Data for this exercise:
* * * * *

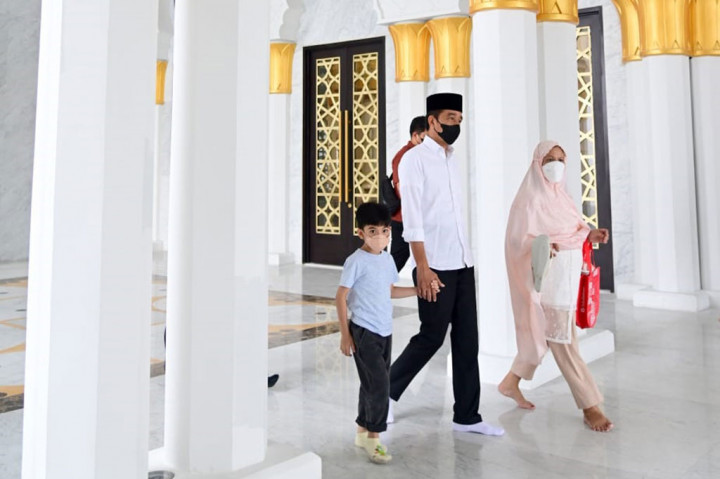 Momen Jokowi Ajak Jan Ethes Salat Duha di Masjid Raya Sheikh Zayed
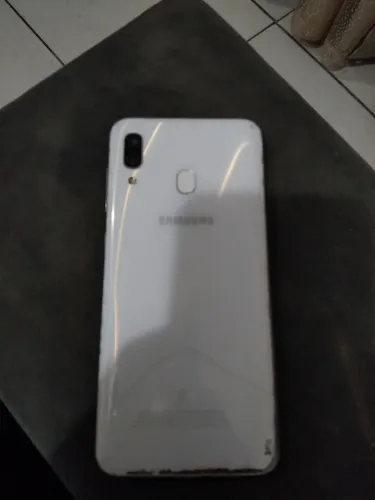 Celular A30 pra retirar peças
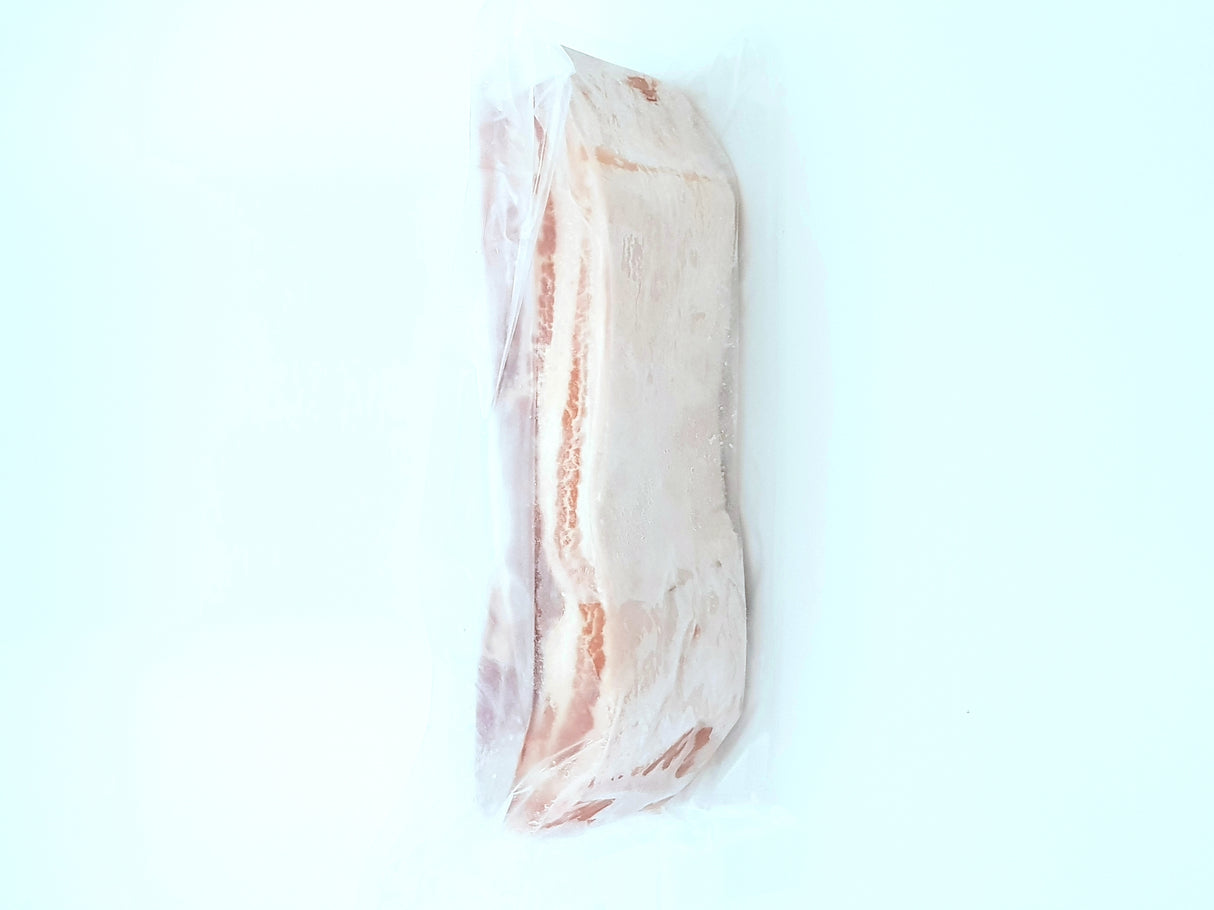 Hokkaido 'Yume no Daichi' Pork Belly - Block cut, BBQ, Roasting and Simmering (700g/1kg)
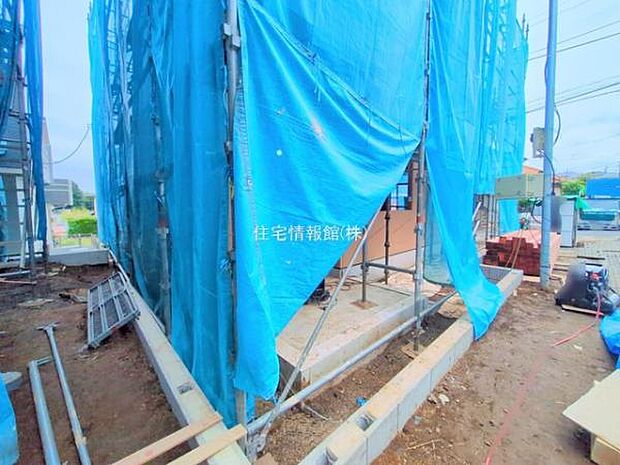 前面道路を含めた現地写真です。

* * * * *

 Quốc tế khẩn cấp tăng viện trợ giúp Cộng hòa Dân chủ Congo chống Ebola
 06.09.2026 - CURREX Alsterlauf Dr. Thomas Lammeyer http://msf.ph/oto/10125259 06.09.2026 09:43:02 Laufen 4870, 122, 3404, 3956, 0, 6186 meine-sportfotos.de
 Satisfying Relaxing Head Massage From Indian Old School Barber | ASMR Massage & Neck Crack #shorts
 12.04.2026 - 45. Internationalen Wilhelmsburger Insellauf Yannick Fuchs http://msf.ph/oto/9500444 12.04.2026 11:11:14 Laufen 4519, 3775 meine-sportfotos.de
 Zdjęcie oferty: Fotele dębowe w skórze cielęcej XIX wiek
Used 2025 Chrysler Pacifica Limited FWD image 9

* * * * *

What needs to be done: Using the listing, collect all lines in which the string "Laufen" is found.

Task output:
 06.09.2026 - CURREX Alsterlauf Dr. Thomas Lammeyer http://msf.ph/oto/10125259 06.09.2026 09:43:02 Laufen 4870, 122, 3404, 3956, 0, 6186 meine-sportfotos.de
 12.04.2026 - 45. Internationalen Wilhelmsburger Insellauf Yannick Fuchs http://msf.ph/oto/9500444 12.04.2026 11:11:14 Laufen 4519, 3775 meine-sportfotos.de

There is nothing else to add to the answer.